Destination Tuesday – The Galapagos Islands

When Charles Darwin boarded Robert FitzRoy’s HMS Beagle in 1831 he had no idea he’d be permanently changing the course of human knowledge. Merely interested in documenting his passion for nature, Darwin arrived at the Galapagos Island chain four years later, finding the weather-worn volcanic cones, an indigenous people and a unique variety of animal species to be found nowhere else on Earth. What he saw in his 5 weeks there would end up critically changing the way people view all of the world’s creatures. This would come to be great news for future evolutionists!
Today, the Galapagos Islands are no less mesmerizing for the common visitor. Many of the same species found in Darwin’s era still exist and can be seen waddling around in their natural habitat. Giant tortoise, penguin, cormorant and flamingos, marine iguana all cohabitate in enclaves around the islands creating a sightseer and photographer’s playground. Other creatures to write home about, from hammerheads to manta ray, can be found under the chilly blue waters.

Located 600 miles off the coast of Ecuador in the Pacific Ocean, the isolation of these 13 main and 5 minor islands have given notoriety to some of the world most unique species, most rather indifferent to their human gatecrashers.
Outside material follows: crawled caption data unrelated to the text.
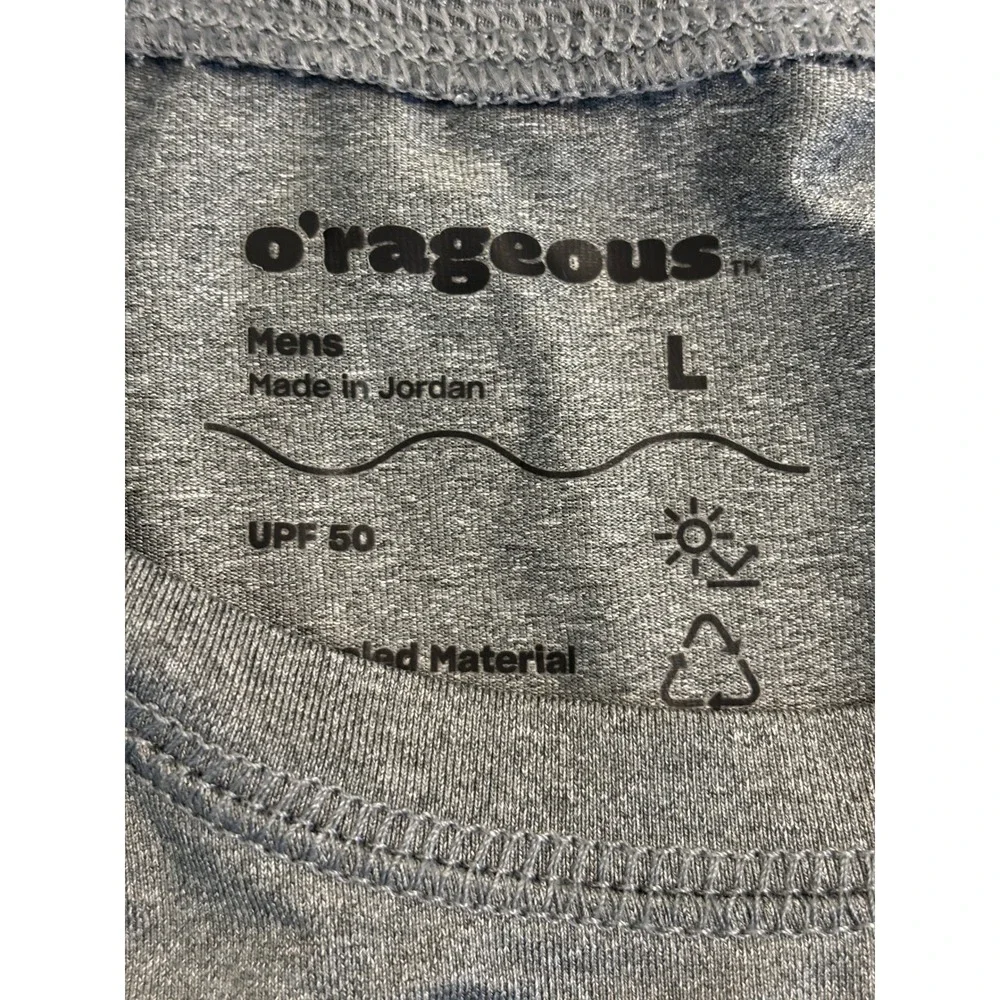 O'rageous Mens Rash Guard Swim Shirt Gray UPF 50 Recycled Large Short‎ Sleeve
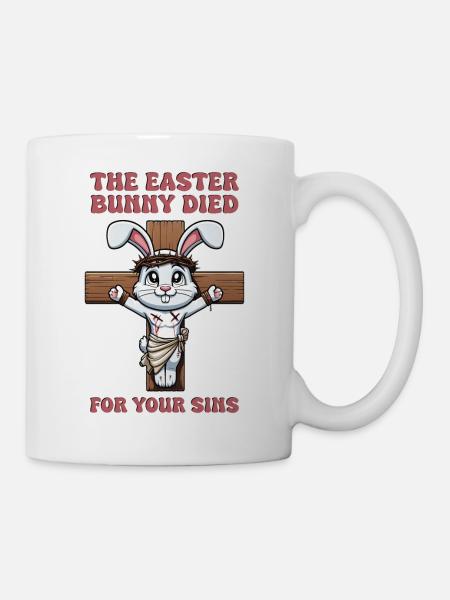 Bunny as Jesus on a Cross Funny Crucifiction - Mug - white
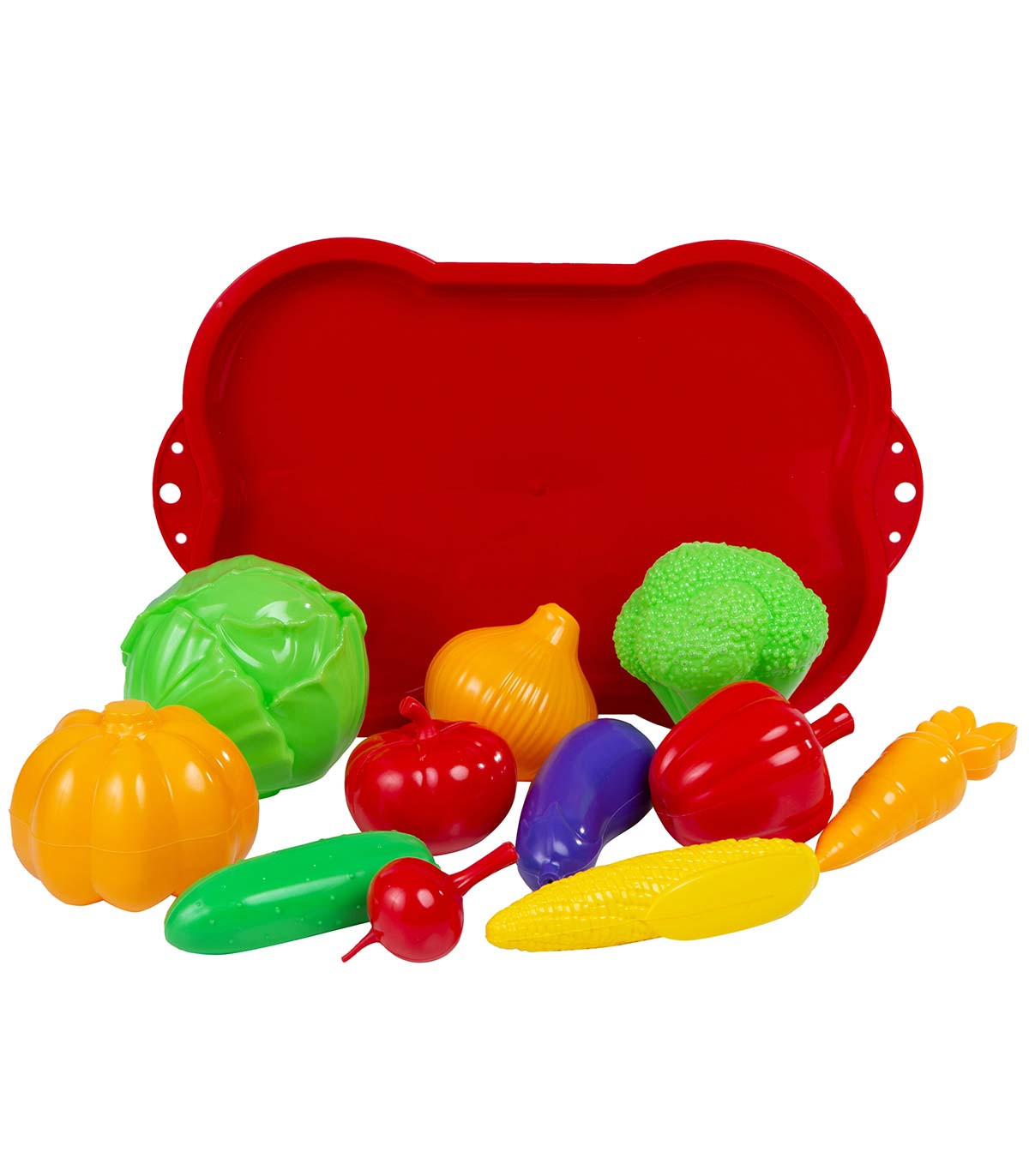 Tavă cu legume din plastic, 11 bucăți, în plasă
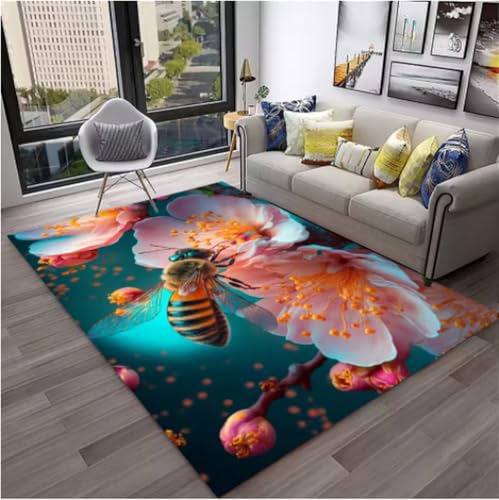 GNALEIEOG Niedlicher 3D-Teppich mit Bienen-Honigbiene, Insekten-Cartoon, für Sofa, Fußmatte, Dekoration, rutschfeste Bodenmatte, 120 x 180 cm von GNALEIEOG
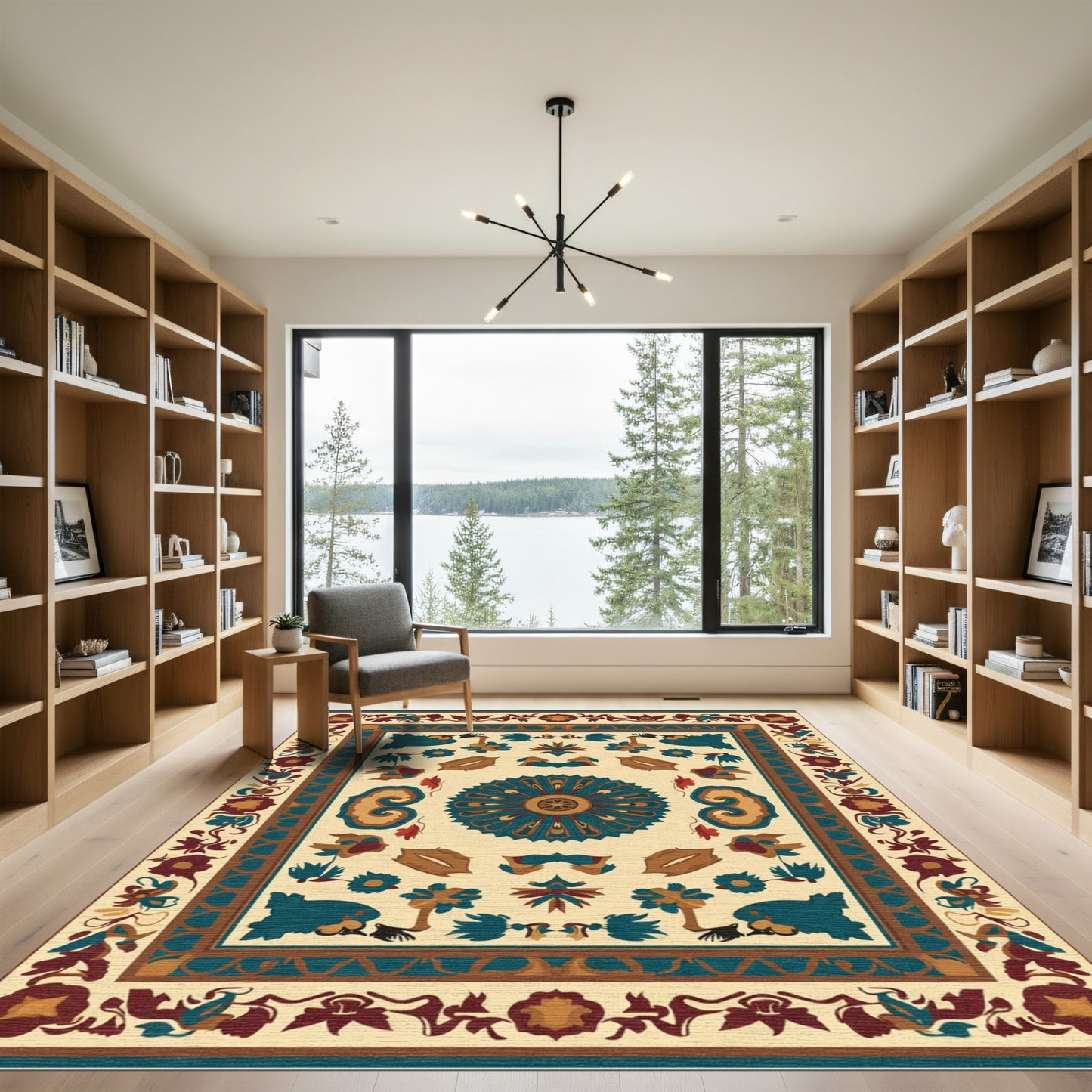 Deep Teal Floral Medallion Cream Rug
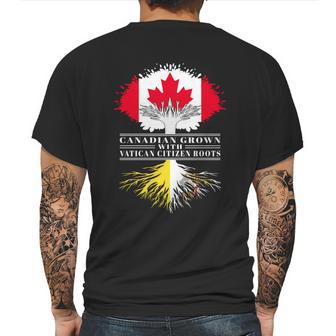 Canadian Grown With Vatican Citizen Roots Canada Vatican City Flag Tree Mens Back Print T-shirt | Favorety CA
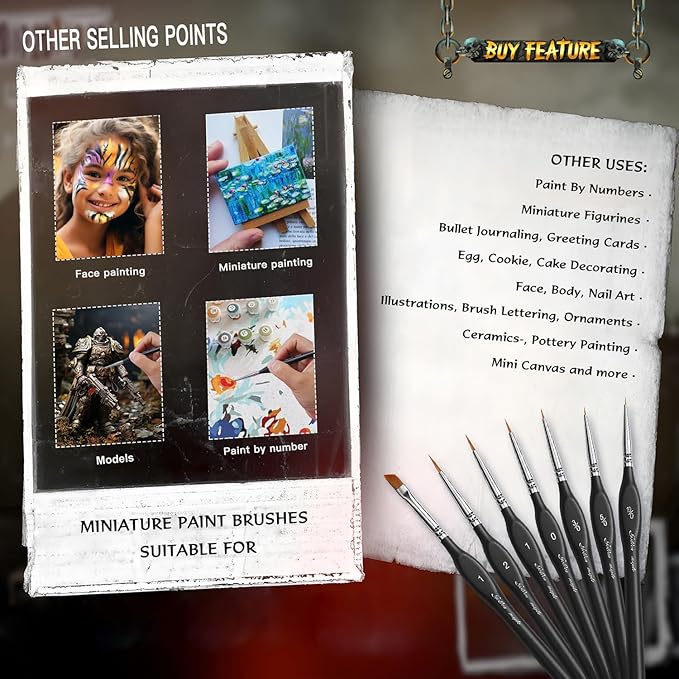 Golden Maple Miniature Paint Brushes Drybrush-10pcs Micro Detail Paint Brush Set, Small Fine Detail Brushes for Acrylic, Watercolors & Paint by Number, Figurine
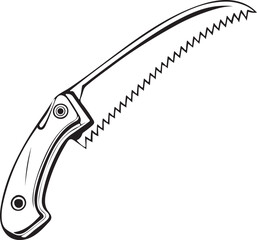 Pruning Saw Rustic Tool for Gardening, Silhouette vector art illustration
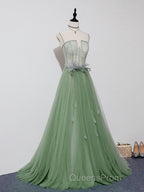 Green Tulle Lace Long Evening Prom Dress, Green Tulle Evening Dress, 3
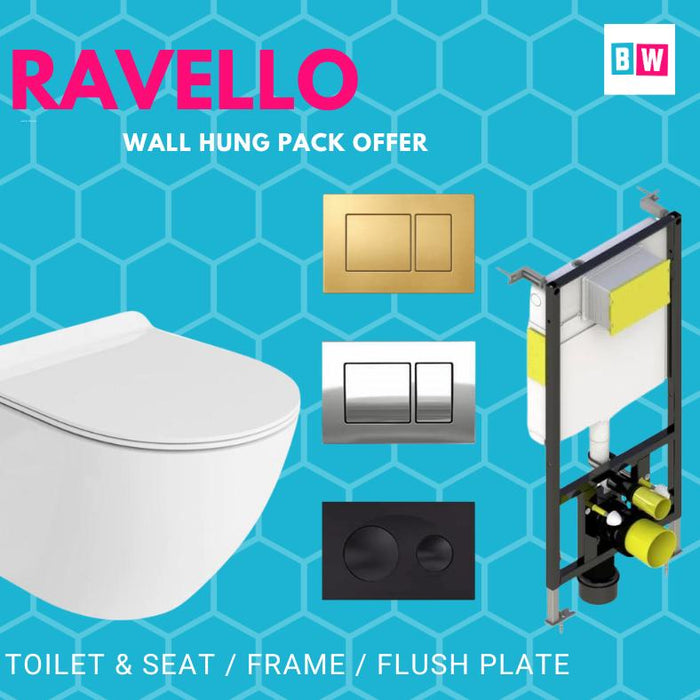 Rimless Wall Hung Toilet, Frame & Button Pack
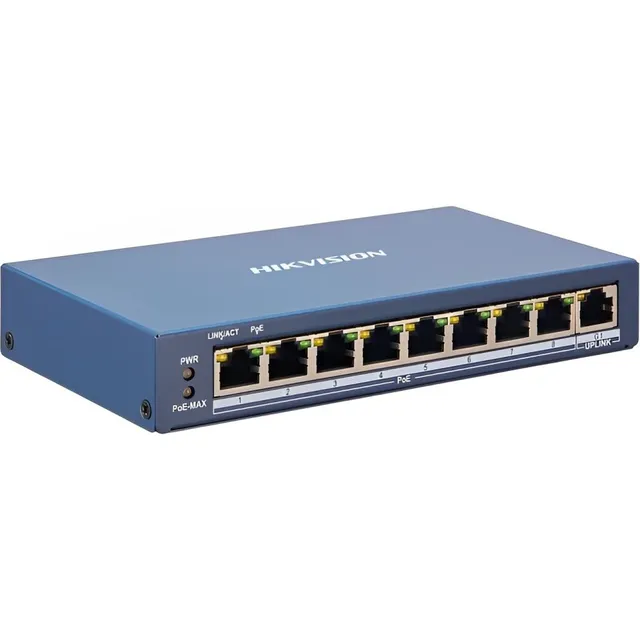 Conmutador PoE Fast Ethernet Hikvision DS-3E1309P-EI/M de 8 puertos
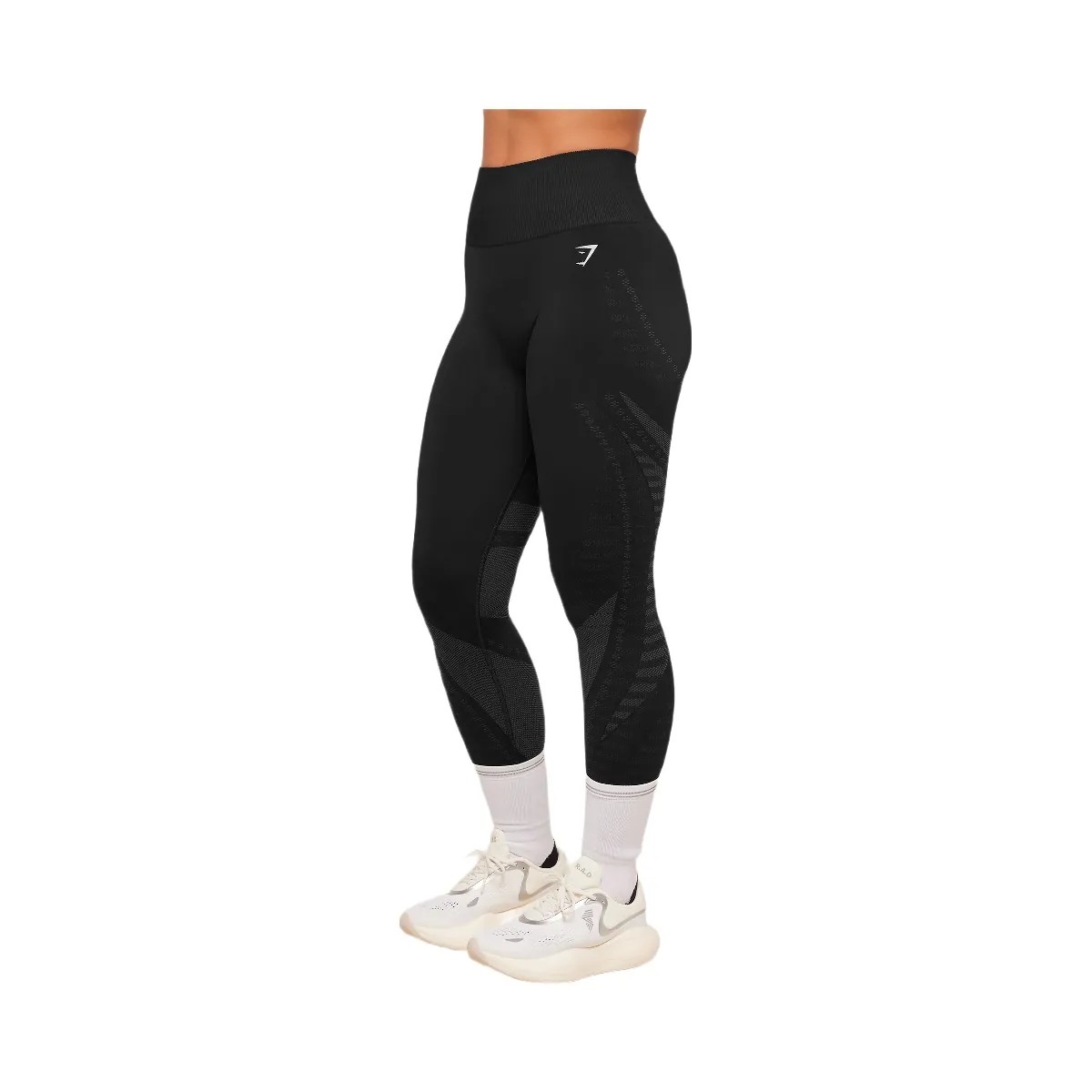 Gymshark Running Seamless Leggings "GS Black GS Asphalt Grey" - HypeFly India View 3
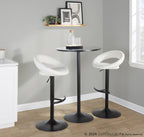 Posh Adjustable Barstool - Set of 2 - Black Metal, White PU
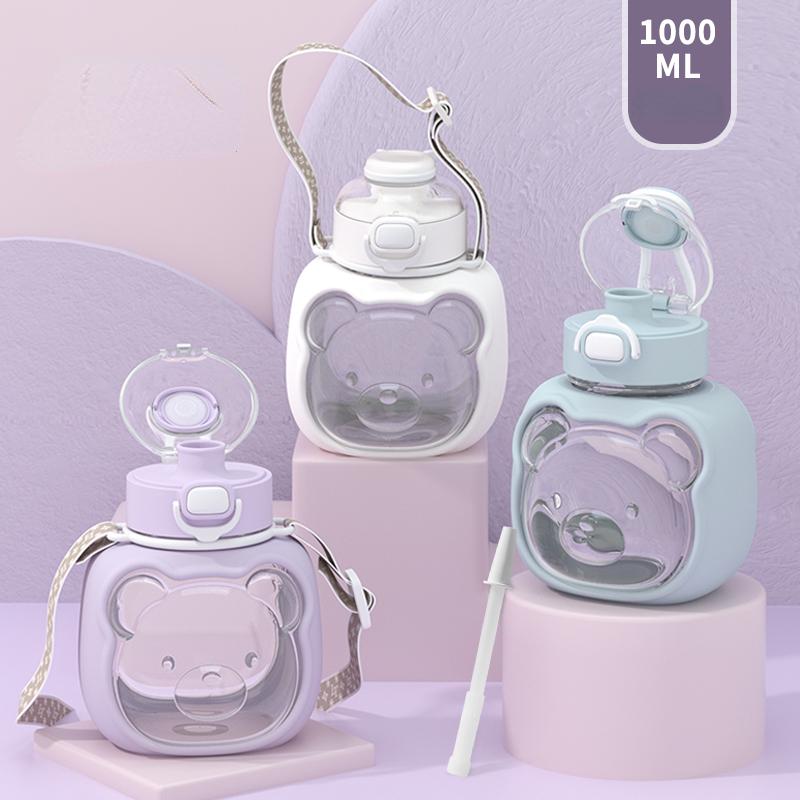 Vară Căni cu apă de capacitate mare Căni cu apă pentru studenți, rezistente la cădere, la temperatură înaltă, cești drăguțe cu apă din plastic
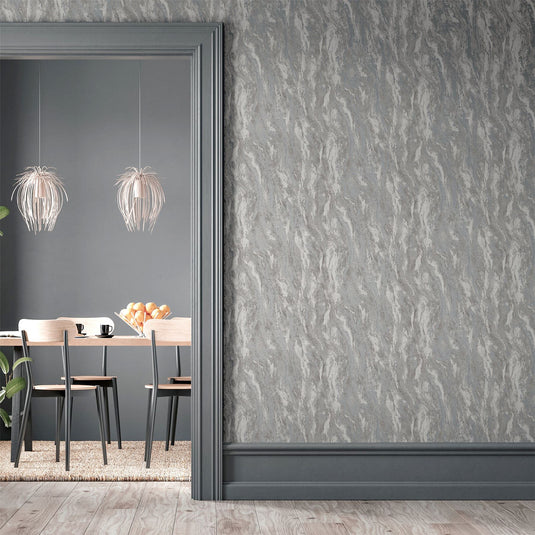 Luxe Texture Pewter Wallpaper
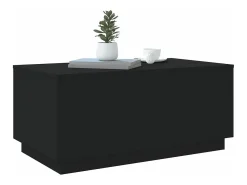 Mesa de centro con luces LED negro 90x50x40 cm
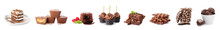 Set Of Tasty Chocolate Desserts On White Background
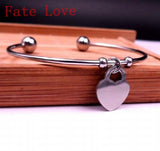 Fate Love Stainless Steel Cuff Bracelet with Heart Charms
Visiting is a near-requirement if you have a taste for the varieties of the natural world.

 

There are two airports by which to reach the archipelago, one on the island of Baltra and one on San Cristobàl. Daily flights leave from Quito, travel via Guayaquil and can be added into any South American itinerary fairly easily.

Many people don’t realize that it is in fact possible to visit the Galapagos independently. The best way is to fly into the one of the main airports, taxi to a hotel or hostel choice on Santa Cruz or San Cristobàl and arrange for organized day trips into the wildlife upon arrival. Certainly the DIY method is the cheaper option but does leave it up to personal wherewithal to get to the places worth seeing. Accommodations can range between $35 and $500 per night depending on your desired level of comfort.

Don’t forget, the Galapagos are gaining in popularity and boats and tours have the tendency to book out far ahead of time. It’s recommended you book a tour well before you arrive, months if possible, to avoid disappointment getting to see the flora and fauna.

While it is possible to show up on the islands without a booked tour and still have an interesting time, organized boat tours are a very popular option as boats don’t allow for large numbers of visitors at any given time—smaller numbers allow for discrete and intimate viewing. The boat tours can be somewhat expensive, anywhere between $1500 and $3000 for overnight options but come all-inclusive with meals and beds. Most of the best cruises book up months in advance so you should really set them up as soon as you know you’re going.

 

If you’ve always wanted to visit these magical islands but thought it was too complicated, think again. One side trip flight from Ecuador will get you there. Currently Baltra is not listed in Trip Planner but flights will typically add around $450-500 to an around-the-world itinerary. If you’d like to see how much it is to add an excursion to the Galapagos to your particular trip, feel free call one of our Travel Consultants for more accurate pricing.

Otherwise you can book an airfare inclusive package that will bring you from Guayaquil to the islands to snorkel and see the animals without having to deal with the complicated arrangements on your own. Frommers.com has a solid list of tour companies that do this package.